Shunsuke Nakamura, CEO, Shikumi Design: “Entrepreneurs need to be logically creative to come up with truly disruptive ideas.”
Shikumi Design is the parent company of Kagura Motion Perform Instrument, which plans to disrupt the Perceptual Computing space with its innovative software that even novice musicians can use to create music using their bodies.
Leaders League. Can you define Perceptual Computing in the simplest of terms? Also, how did winning the Intel Peceptual Computing Competition change Shikumi Design’s path?
Shunsuke Nakamura. It’s the ability of an electronic device to sense what is going on in its near vicinity and provide appropriate feedback to create an enhanced human experience. There are many devices with sensors that can detect human behavior quite easily, and the rise of this technology is going to revolutionize the next frontier of human-computer interaction. Winning at the Intel Perceptual Computing Competition gave us an international push and the confidence to move on from entrusted development to developing our own products.
Leaders League. What are your plans with the ‘Kagura: Motion Perform Instrument’ at the moment?
S.N. At the moment I want to focus on professional musicians using the next version of the Motion Perform Instrument. The Kagura V2.0 will give the musicians the possibility to create their own sound sets, as opposed to a fixed choice of sound sets available for the Kagura V1.0. The new version will also have MIDI (Musical Instrument Digital Interface) capabilities, which will allow these musicians to control their own digital musical instruments using their bodies. The concept has already created a strong buzz amongst musicians playing live electronica, and we have gotten many enquiries from music producers who want to use Kagura as part of their performances. Even though the market is limited in size, I firmly believe that the Kagura has the possibility of becoming a tool which will create a new breed of musicians, who will use their bodies to create music without touching anything. Financing has been on my mind for a while, but I believe that now is not the right time.
Leaders League. The market for professional musicians is not very large. Do you believe that the Kagura is capable of generating funds on a bigger scale?
S.N. For this reason, it is very important to get the first step right. In the second step, we would like to open up Kagura to a bigger market, and hence generate greater revenue. We are starting to develop mobile apps for fitness, education etc. and musical toys with sound sets created by musicians.
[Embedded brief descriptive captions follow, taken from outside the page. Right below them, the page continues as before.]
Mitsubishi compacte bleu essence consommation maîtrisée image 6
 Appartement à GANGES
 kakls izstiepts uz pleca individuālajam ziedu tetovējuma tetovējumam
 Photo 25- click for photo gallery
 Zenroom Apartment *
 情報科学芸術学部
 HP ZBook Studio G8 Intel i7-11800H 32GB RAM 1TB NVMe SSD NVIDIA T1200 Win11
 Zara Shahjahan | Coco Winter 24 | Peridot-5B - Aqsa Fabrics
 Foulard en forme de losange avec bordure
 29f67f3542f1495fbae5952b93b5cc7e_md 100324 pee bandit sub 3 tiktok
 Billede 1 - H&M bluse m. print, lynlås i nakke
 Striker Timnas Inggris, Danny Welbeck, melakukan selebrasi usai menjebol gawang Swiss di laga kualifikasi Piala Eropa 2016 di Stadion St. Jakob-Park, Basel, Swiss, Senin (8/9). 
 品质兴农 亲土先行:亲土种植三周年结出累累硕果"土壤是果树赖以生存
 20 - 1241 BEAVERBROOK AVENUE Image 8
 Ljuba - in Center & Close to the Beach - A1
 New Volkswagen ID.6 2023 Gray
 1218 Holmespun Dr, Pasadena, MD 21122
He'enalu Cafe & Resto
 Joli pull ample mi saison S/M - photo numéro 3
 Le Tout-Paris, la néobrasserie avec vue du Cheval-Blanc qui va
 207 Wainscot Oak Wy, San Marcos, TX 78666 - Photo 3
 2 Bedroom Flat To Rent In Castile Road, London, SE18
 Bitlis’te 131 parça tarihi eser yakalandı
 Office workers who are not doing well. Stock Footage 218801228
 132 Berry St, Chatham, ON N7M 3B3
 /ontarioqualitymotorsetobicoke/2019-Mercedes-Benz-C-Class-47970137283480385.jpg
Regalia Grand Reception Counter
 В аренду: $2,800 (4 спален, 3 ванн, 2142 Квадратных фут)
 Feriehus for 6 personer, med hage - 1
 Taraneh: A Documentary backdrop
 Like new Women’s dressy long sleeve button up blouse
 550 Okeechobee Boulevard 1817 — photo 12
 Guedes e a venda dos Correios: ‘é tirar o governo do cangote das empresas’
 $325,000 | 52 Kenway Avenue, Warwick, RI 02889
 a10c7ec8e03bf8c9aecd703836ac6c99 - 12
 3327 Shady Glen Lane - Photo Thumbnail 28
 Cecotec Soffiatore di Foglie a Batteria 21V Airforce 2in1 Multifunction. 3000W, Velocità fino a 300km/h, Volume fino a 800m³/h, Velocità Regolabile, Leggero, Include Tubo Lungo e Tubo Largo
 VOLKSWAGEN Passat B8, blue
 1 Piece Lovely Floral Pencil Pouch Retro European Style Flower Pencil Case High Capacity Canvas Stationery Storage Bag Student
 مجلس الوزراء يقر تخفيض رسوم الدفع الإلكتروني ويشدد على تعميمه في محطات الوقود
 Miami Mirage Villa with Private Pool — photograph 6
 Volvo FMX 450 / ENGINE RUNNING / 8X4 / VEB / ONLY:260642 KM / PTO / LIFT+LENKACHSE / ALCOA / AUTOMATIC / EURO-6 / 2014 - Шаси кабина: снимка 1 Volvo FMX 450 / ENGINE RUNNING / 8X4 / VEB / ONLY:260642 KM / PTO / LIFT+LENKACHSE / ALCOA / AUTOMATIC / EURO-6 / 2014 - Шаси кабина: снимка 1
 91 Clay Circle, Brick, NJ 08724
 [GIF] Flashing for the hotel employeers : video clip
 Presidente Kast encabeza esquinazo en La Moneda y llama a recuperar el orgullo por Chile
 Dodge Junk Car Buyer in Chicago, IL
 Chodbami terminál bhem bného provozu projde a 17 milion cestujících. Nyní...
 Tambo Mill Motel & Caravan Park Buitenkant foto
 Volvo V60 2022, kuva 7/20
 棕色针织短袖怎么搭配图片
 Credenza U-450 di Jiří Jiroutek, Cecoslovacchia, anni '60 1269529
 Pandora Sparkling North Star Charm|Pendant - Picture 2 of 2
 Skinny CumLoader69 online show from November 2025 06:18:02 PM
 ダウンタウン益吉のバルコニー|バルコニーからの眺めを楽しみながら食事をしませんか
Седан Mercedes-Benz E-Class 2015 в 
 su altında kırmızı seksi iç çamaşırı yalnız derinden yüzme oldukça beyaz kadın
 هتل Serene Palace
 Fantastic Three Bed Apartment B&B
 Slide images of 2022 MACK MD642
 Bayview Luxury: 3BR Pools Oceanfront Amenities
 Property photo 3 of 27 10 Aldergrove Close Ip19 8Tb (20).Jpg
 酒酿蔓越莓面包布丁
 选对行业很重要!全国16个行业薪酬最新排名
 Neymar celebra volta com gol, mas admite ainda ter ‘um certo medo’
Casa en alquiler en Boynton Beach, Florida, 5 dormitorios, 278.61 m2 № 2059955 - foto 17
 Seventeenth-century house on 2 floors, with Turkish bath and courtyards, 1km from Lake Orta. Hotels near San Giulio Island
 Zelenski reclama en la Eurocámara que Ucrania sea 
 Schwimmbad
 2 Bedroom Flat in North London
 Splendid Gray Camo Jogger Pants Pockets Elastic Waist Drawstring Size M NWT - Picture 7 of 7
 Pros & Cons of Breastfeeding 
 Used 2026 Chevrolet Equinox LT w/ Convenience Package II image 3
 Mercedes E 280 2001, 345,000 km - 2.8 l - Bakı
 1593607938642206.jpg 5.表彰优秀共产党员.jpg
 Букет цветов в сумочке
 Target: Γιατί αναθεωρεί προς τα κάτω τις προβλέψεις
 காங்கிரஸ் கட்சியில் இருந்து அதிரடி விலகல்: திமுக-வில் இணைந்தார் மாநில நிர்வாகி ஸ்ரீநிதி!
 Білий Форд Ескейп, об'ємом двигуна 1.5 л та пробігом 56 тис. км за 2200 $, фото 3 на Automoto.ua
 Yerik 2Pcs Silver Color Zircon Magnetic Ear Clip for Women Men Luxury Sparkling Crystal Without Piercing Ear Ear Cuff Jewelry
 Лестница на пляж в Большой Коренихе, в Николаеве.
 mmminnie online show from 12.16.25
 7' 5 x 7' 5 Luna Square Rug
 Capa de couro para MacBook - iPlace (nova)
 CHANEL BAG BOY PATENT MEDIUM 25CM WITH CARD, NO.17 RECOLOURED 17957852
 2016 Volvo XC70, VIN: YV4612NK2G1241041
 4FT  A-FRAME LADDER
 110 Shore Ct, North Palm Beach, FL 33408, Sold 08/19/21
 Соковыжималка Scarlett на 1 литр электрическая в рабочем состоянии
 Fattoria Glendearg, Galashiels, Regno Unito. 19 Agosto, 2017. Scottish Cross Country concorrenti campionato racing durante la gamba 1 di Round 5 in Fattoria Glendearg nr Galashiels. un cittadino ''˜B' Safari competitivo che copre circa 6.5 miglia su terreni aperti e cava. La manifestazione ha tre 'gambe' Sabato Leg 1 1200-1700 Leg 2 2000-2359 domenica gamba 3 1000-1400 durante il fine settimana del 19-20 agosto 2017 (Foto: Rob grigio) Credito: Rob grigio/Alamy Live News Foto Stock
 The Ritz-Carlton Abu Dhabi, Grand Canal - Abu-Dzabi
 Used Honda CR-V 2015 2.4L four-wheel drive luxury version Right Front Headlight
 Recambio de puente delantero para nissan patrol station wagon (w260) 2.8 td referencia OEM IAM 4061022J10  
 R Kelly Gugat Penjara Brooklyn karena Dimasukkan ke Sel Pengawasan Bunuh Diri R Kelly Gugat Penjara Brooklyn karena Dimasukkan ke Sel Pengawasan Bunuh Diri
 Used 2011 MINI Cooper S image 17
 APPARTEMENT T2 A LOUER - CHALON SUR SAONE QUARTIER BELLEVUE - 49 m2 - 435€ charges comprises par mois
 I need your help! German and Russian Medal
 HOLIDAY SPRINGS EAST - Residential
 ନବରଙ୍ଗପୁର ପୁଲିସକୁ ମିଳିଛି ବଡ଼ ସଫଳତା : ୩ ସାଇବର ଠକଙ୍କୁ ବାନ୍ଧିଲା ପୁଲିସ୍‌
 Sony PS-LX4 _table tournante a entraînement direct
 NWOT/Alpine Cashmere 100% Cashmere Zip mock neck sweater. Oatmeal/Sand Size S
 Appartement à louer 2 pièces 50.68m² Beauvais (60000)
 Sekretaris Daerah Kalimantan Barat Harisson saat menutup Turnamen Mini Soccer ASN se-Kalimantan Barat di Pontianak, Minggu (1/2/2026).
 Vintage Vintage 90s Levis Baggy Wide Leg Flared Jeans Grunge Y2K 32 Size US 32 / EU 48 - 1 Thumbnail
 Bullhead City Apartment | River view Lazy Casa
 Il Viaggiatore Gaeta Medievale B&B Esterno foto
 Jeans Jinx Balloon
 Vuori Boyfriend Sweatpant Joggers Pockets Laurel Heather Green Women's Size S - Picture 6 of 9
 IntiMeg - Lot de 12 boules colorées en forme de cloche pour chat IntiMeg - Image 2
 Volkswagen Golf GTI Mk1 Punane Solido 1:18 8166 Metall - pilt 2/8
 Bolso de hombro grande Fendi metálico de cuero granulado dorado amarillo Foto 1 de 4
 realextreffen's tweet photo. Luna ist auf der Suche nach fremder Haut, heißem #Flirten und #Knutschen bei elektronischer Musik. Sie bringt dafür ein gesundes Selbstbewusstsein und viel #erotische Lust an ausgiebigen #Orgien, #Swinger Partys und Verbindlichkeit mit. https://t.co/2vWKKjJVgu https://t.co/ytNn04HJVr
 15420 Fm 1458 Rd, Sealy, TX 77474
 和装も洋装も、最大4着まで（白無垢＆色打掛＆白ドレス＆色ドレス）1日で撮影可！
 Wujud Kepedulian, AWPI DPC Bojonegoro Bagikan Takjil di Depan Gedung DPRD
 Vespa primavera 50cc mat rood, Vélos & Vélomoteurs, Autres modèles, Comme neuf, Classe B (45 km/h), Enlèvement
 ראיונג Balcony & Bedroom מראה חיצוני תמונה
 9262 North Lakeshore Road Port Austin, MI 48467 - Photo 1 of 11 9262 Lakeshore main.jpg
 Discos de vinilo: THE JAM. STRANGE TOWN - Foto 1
These are for ordinary people like you and me, and not for professional musicians. I want everyone to be able to play music, even if they don’t know how to play any instruments. Kagura would make it possible for a musical novice to play music. To do the R&D for these new products and bring my ideas to fruition, we would require a capital injection. At this time, I think we would have to make some more aggressive efforts in procuring external funding.
Leaders League. In your view, how do design and technology come together in today’s rapidly evolving entrepreneurial climate?
S.N. I completed my PhD in design and technology. This can sometimes be interpreted as "Design with technology" and sometimes conversely as "Technology with design". When I am in the process of creating new ideas, I try to use both the design and technological aspects of my brain. During the course of my studies, I came to realize that creativity does not always come in the form of a random set of ideas. It arrives from profound logical thinking. So I believe that entrepreneurs need to be logically creative, in order to come up with truly disruptive ideas.
Leaders League. How is the innovation environment in Japan, financially speaking?
S.N. The financial prospects for an entrepreneur in a country like Japan are largely dependent on the fact that in spite of the existence of a large market, the people belong to an ageing society deeply rooted in old traditions, and the concept of “One job for life” still exists. Hence, it is not the easiest place to be an innovator or a disruptor.
Having said that, some of the innovations, especially in sectors dealing with non-verbal communication like music, are not related to nationality and hence it is easier to be an entrepreneur in this space. Also it is getting increasingly easier to procure funds now, as compared to when I started my journey with Shikumi Design, especially in emerging technologies like FinTech or IoT.
Leaders League. Who do you consider to be your biggest competitor in this field, if any?
S.N. We are a differentiated company with a product which is in the process of creating a niche market for itself, even if it not on a massive scale. Hence, we have not had to worry about competition so far.